The second thing we notice is that there is a podcast convention next door, where shows like Morbid and The real crime obsessed occupy big.

“Wow, how did it go?” Asks one of the Podcast Movement attendees, impressed both by my IAI badge and by my ability to slip into other conventions without being noticed. Lots of women, I told him.

“Crime scene investigations are like a puzzle,” says Celestina Rossi, bloodstain analyst and crime scene reconstruction specialist for the Montgomery County Sheriff’s Office in east Texas. “Unless I give you a plastic bag full of bits and pieces, I reach out, grab a whole handful and throw them in the trash.” »Locard’s principle of exchange at work.

Still, says Rossi, there is enough relevant information to piece your puzzle together. “You’re always going to start with the flat pieces and figure out where your four corners are. This is the tape from your crime scene, right? It’s your border around the crime scene. Then you start to organize by content and color, and where things might go.

“So that’s forensic medicine. We start with the connections. We start putting pieces together, like, ‘Oh, my victim has a gunshot, so I have to find a bullet. Oh, there’s a bullet hole in here. We have to cut the rock plate. You know? And so if the entrance is on this side, then the exit is on this side, and then we had a projectile in the wall.

I ask the group what some of the real crime shows and podcasts are wrong about their profession.

“Some people come in and think it’s going to be glamorous, and you’re not going to walk into a hoarding house and stuff like that,” notes one of Celestina’s coworkers. “They don’t have hoarding houses on shows like CSI. ”

“We all have different levels of PTSD,” adds another, “but it’s very rewarding work, especially when you can right a wrong. It’s an incredible feeling.

Telling the victim’s story to a jury seems to be a big part of what motivates people who attend the IAI conference. But the pressure not to make mistakes and not have days off is also evident. For my last conference, I am attending a conference on wrongful convictions. As I look around the crowded ballroom, I realize that there might be someone here responsible for putting an innocent person in jail. DNA and fingerprints may be the gold standard, but not everything is automated or computer generated; there are still humans behind many of these decisions.






“Our evidence, what we bring to court, has huge implications for the lives of people,” says the guest speaker.

Heavy is the head that, uh, dusters for the prints.

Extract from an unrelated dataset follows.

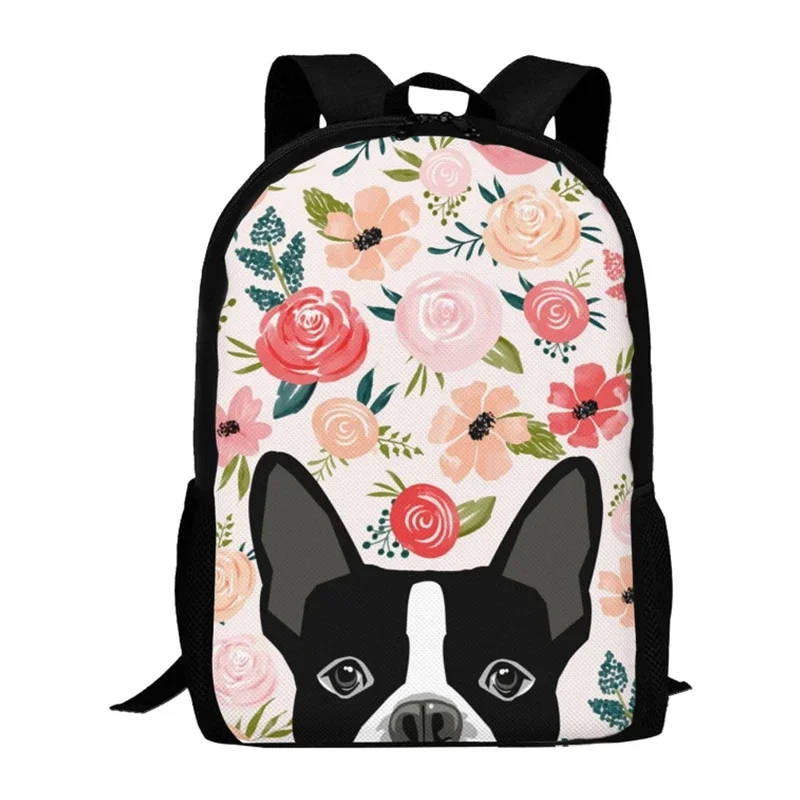 Mochila Boston Terrier con flores para perros, bolso escolar con diseño floral rosa, divertido cachorro, Bulldog, mochilas informales para estudiantes, niños y niñas, deporte de viaje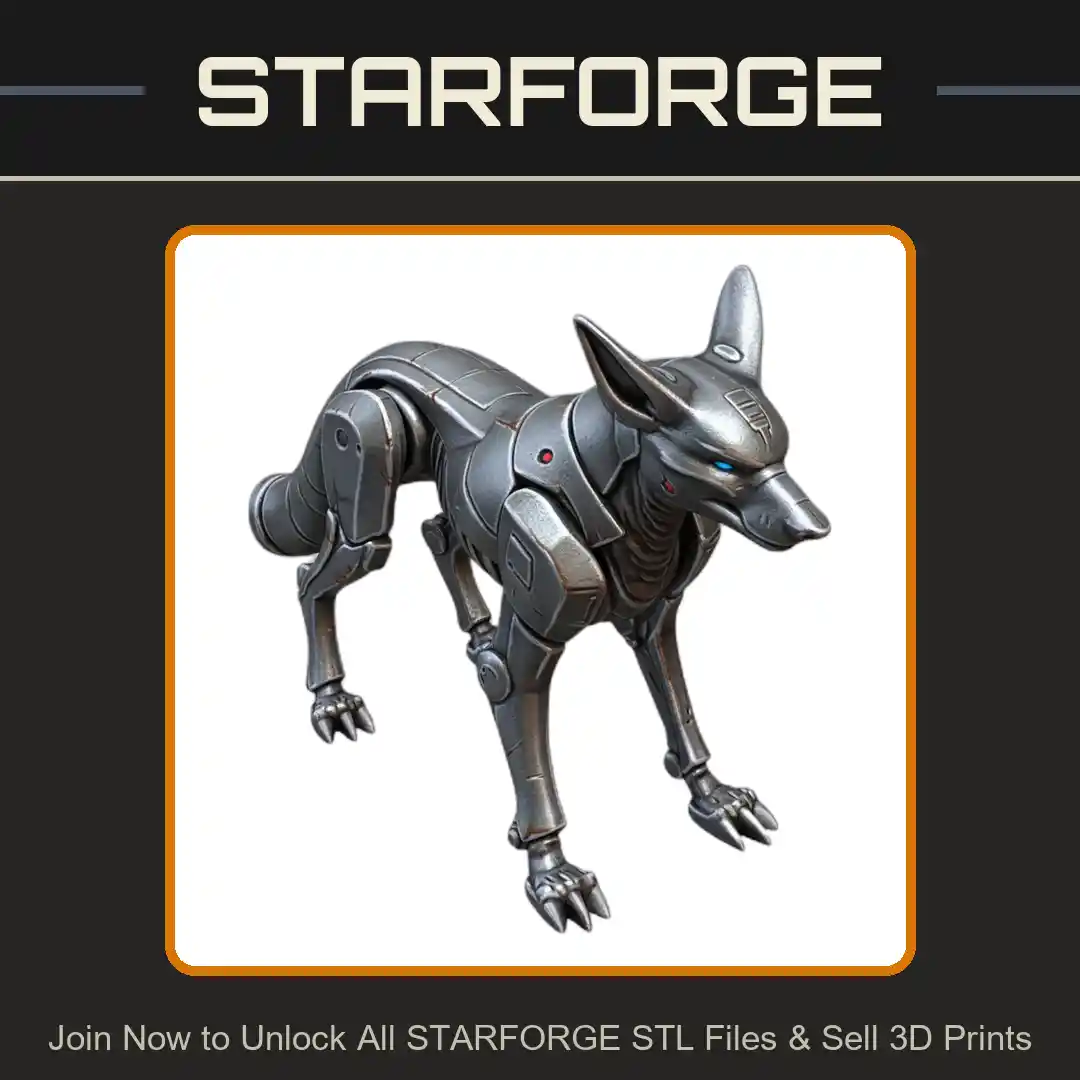 28mm Robotic Canine Hound Sci Fi Mech Design With Armored Plating and Mechanical Joints - 3D Printable STL File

Not wanting to end on a complete negative note, once the speaker is finished I ask Michele if she can describe a crime scene to me. Just a little something for the road.

Rather than indulging directly in my morbid curiosities, she tells me about other uses of fingerprints, such as identifying unknown deceased persons. For those found in water, there is a phenomenon known as “stripping”, where the skin slips off the hand like a glove. Later, I’ll regret Googling this.

Michele explains that she must have already reached inside the skin of a stripped person and dabbed for the prints. It’s both disgusting and intriguing. Still, I appreciate her for being so open with me – and everyone else – about a job they care deeply about and work for on a daily basis to improve themselves.

The people on the podcast would have loved it.